CPPuddle namespace containing the kernel aggregation functionality. More...

Namespaces
namespace	detail

Typedefs
using	aggregated_executor_modes = cppuddle::kernel_aggregation::detail::aggregated_executor_modes

template<typename T , typename Host_Allocator , typename Executor >
using	allocator_slice = cppuddle::kernel_aggregation::detail::allocator_slice< T, Host_Allocator, Executor >

template<typename Executor >
using	aggregated_executor = cppuddle::kernel_aggregation::detail::aggregated_executor< Executor >

template<const char * kernelname, class Interface , class Pool >
using	aggregation_pool = cppuddle::kernel_aggregation::detail::aggregation_pool< kernelname, Interface, Pool >
	Pool to get an aggregation executor for the desired code region (kernelname)

Functions
template<const char * region_name, typename executor_t , typename return_type >
hpx::future< return_type >	aggregation_region (const size_t team_size, std::function< return_type(size_t, size_t, typename cppuddle::kernel_aggregation::detail::aggregated_executor< executor_t >::executor_slice &)> &&aggregation_area)
	Start an aggregation region (passsed via lambda)

template<typename Agg_view_t >
CPPUDDLE_HOST_DEVICE_METHOD Agg_view_t::view_type	get_slice_subview (const size_t slice_id, const size_t max_slices, const Agg_view_t &agg_view)
	Get subview for the current slice.

template<typename Integer , std::enable_if_t< std::is_integral< Integer >::value, bool > = true, typename Agg_view_t , typename... Args>
CPPUDDLE_HOST_DEVICE_METHOD auto	map_views_to_slice (const Integer slice_id, const Integer max_slices, const Agg_view_t &current_arg, const Args &...rest)
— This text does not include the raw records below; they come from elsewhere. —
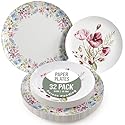 Trendables Heavy Duty Paper Plates Set For 16 Guests - 16 Each Of 8-inch And 10-inch Disposable Plates For Party - Fancy 32 Piece Dinnerware Set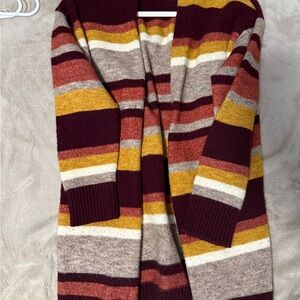 Time and Tru Women's Burgundy and Mustard Striped Cardigan
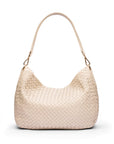 Melissa slouchy leather woven bag with zip closure, ivory, back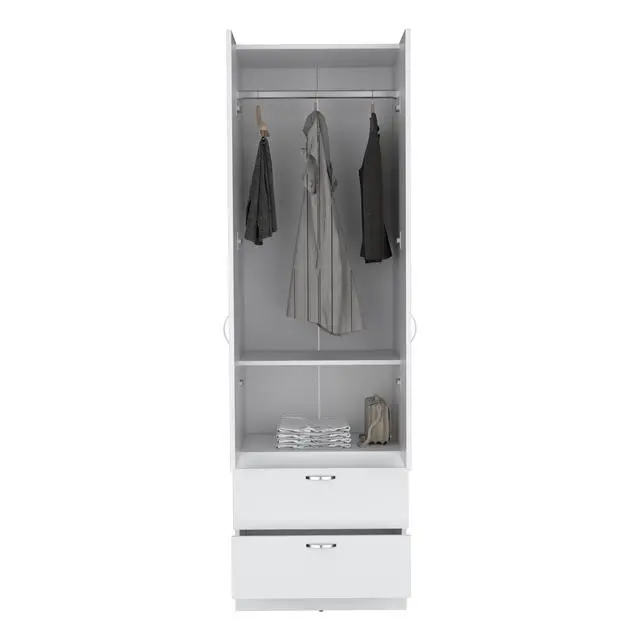 Alt view image 6 of 7 - Vico 76" High Armoire Wardrove Closet with 2 Drawers, Double Door Cabinet , One Shelf and Hanging Rod, Bedroom Clothes Storage Cabinet Organizer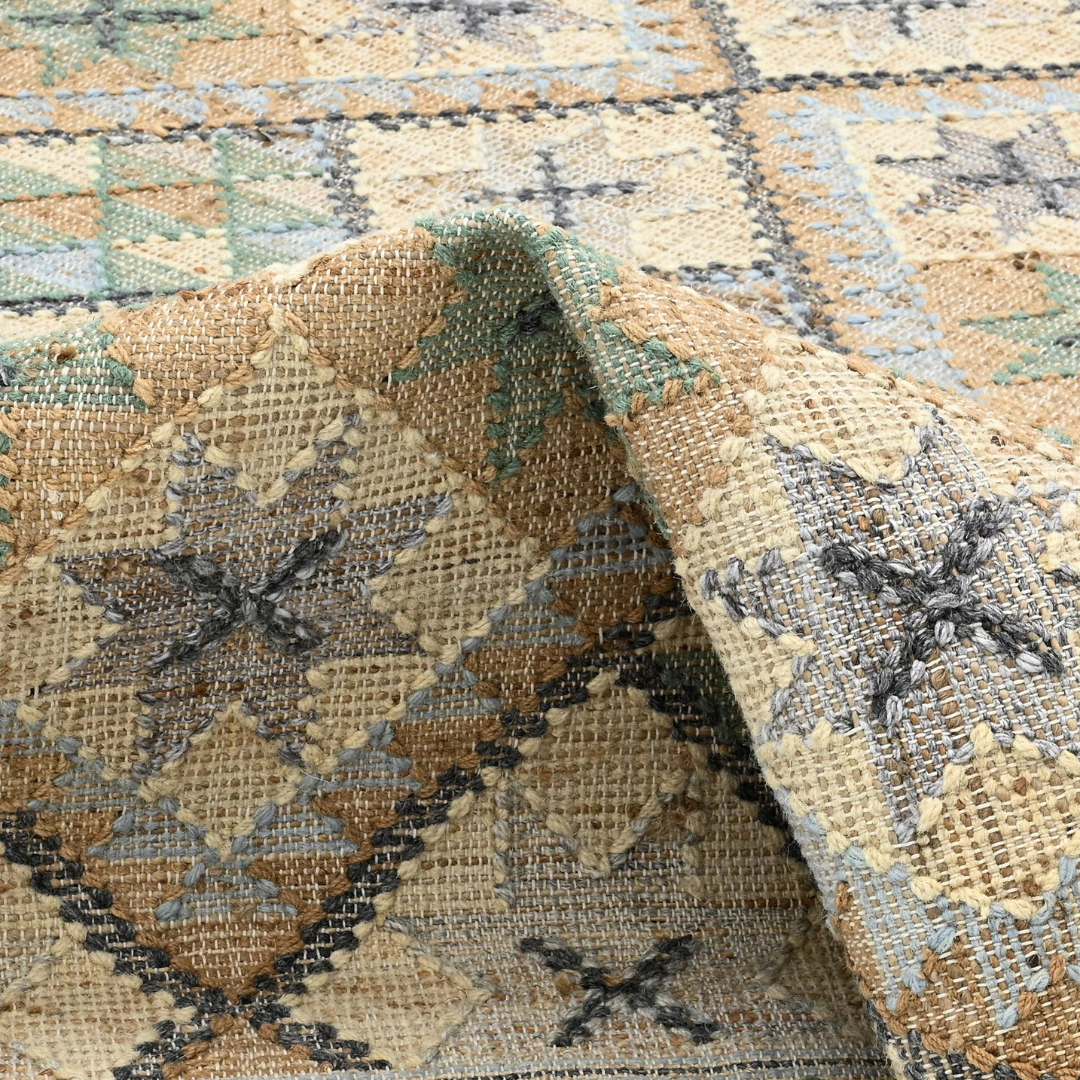 Ocean Handwoven Jute Kilim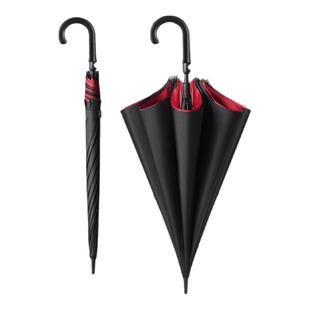 弯钩双层自动雨伞长柄男士加大加厚加固防风大暴雨定制专用三人伞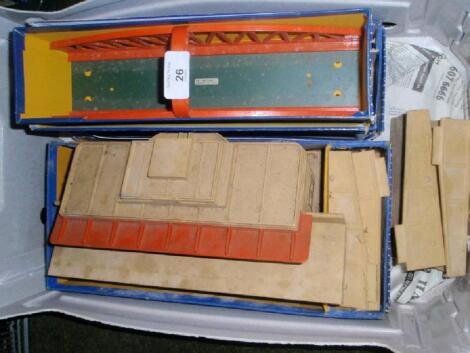 Two Hornby Dublo D1 through stations (one with box)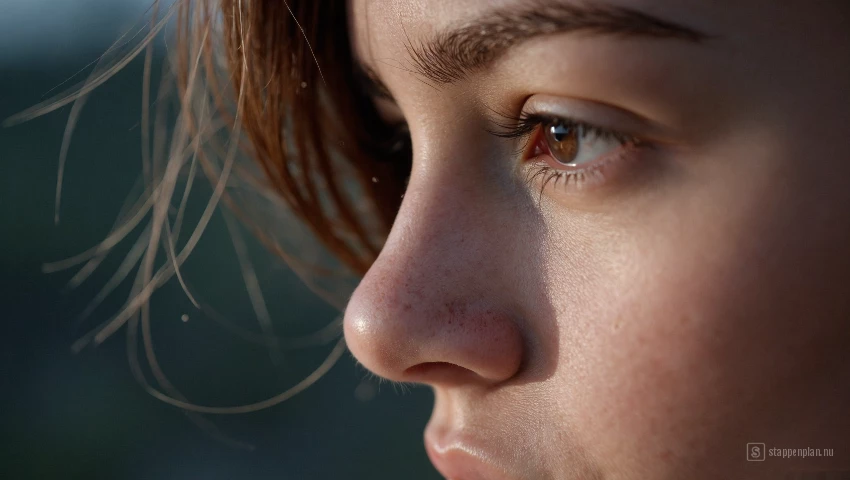 Macrofoto van traan op wang.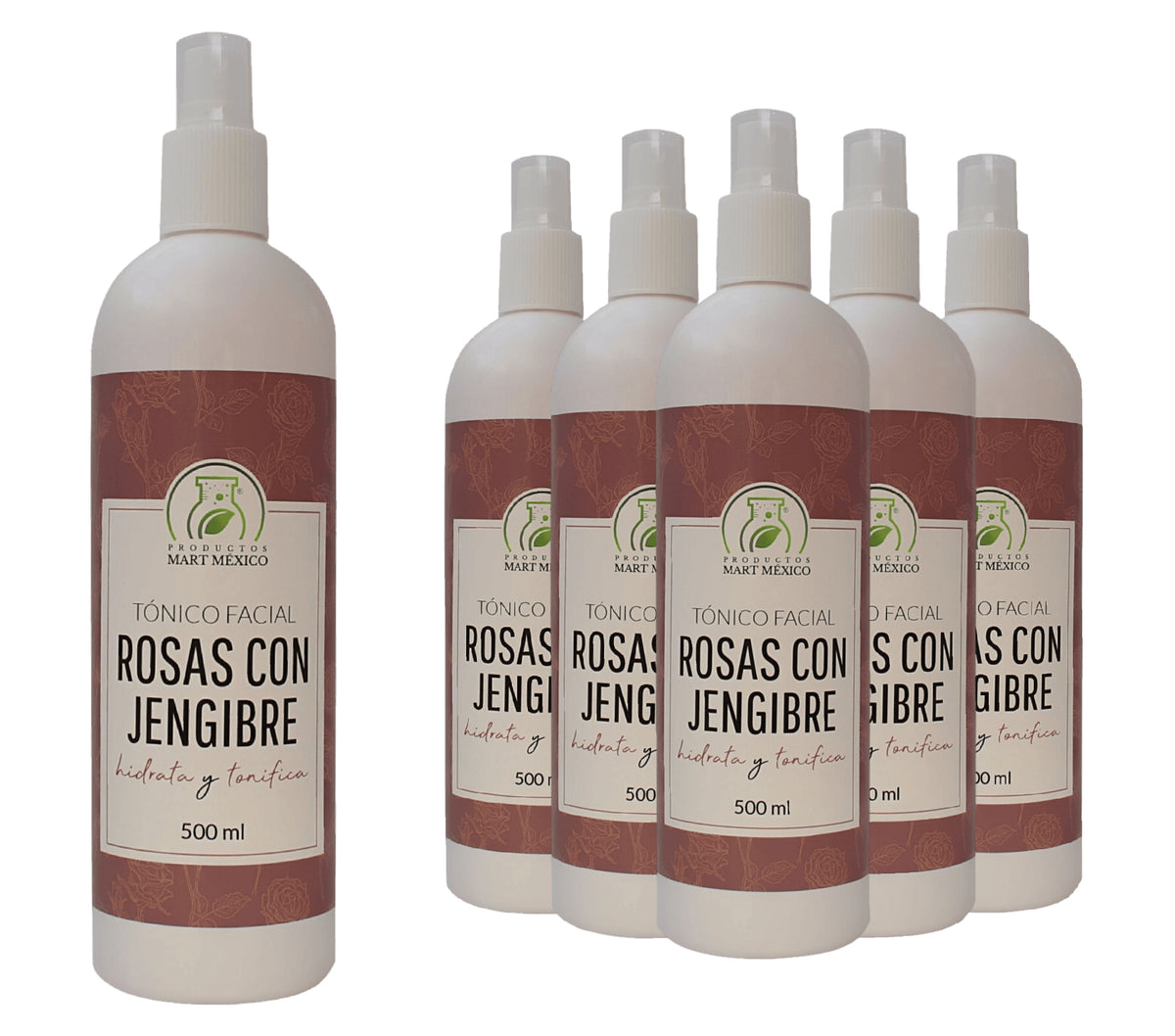 Tónico facial de rosas con jengibre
template<typename Agg_executor_t , typename Agg_view_t , std::enable_if_t< Kokkos::is_view< typename Agg_view_t::view_type >::value, bool > = true, typename... Args>
CPPUDDLE_HOST_DEVICE_METHOD auto	map_views_to_slice (const Agg_executor_t &agg_exec, const Agg_view_t &current_arg, const Args &...rest)

template<typename Agg_executor_t , typename TargetView_t , typename SourceView_t >
void	aggregated_deep_copy (Agg_executor_t &agg_exec, TargetView_t &target, SourceView_t &source)
	Convenience function to perform an aggregated deep copy.

template<typename Agg_executor_t , typename TargetView_t , typename SourceView_t >
void	aggregated_deep_copy (Agg_executor_t &agg_exec, TargetView_t &target, SourceView_t &source, int elements_per_slice)
	Convenience function to perform an aggregated deep copy.

template<typename executor_t , typename TargetView_t , typename SourceView_t >
hpx::shared_future< void >	aggregrated_deep_copy_async (typename Aggregated_Executor< executor_t >::Executor_Slice &agg_exec, TargetView_t &target, SourceView_t &source)
	Convenience function to launch an aggregated kernel and get a future back.

template<typename executor_t , typename TargetView_t , typename SourceView_t >
hpx::shared_future< void >	aggregrated_deep_copy_async (typename Aggregated_Executor< executor_t >::Executor_Slice &agg_exec, TargetView_t &target, SourceView_t &source, int elements_per_slice)
	Convenience function to launch an aggregated kernel and get a future back.

Detailed Description

CPPuddle namespace containing the kernel aggregation functionality.

Typedef Documentation

◆ aggregated_executor

template<typename Executor >

using cppuddle::kernel_aggregation::aggregated_executor = typedef cppuddle::kernel_aggregation::detail::aggregated_executor<Executor>

Executor facilitating the kernel aggregation Contains the executor_slice subclass which is intended to be used by the individual tasks

◆ aggregated_executor_modes

using cppuddle::kernel_aggregation::aggregated_executor_modes = typedef cppuddle::kernel_aggregation::detail::aggregated_executor_modes

Possible launch modes: EAGER = launch either when enough kernels aggregated or executor becomes idles STRICT = launch only when enough kernels aggregated (be aware of deadlocks when not enough kernels are available!) ENDLESS = launch only when executor becomes idle

◆ aggregation_pool

template<const char * kernelname, class Interface , class Pool >

using cppuddle::kernel_aggregation::aggregation_pool = typedef cppuddle::kernel_aggregation::detail::aggregation_pool<kernelname, Interface, Pool>

Pool to get an aggregation executor for the desired code region (kernelname)

◆ allocator_slice

template<typename T , typename Host_Allocator , typename Executor >

using cppuddle::kernel_aggregation::allocator_slice = typedef cppuddle::kernel_aggregation::detail::allocator_slice<T, Host_Allocator, Executor>

Allocator to get a buffer slice of a buffer shared with other tasks in the same aggregation region

Function Documentation

◆ aggregated_deep_copy() [1/2]

template<typename Agg_executor_t , typename TargetView_t , typename SourceView_t >

void cppuddle::kernel_aggregation::aggregated_deep_copy	(	Agg_executor_t &	agg_exec,
		TargetView_t &	target,
		SourceView_t &	source
	)

Convenience function to perform an aggregated deep copy.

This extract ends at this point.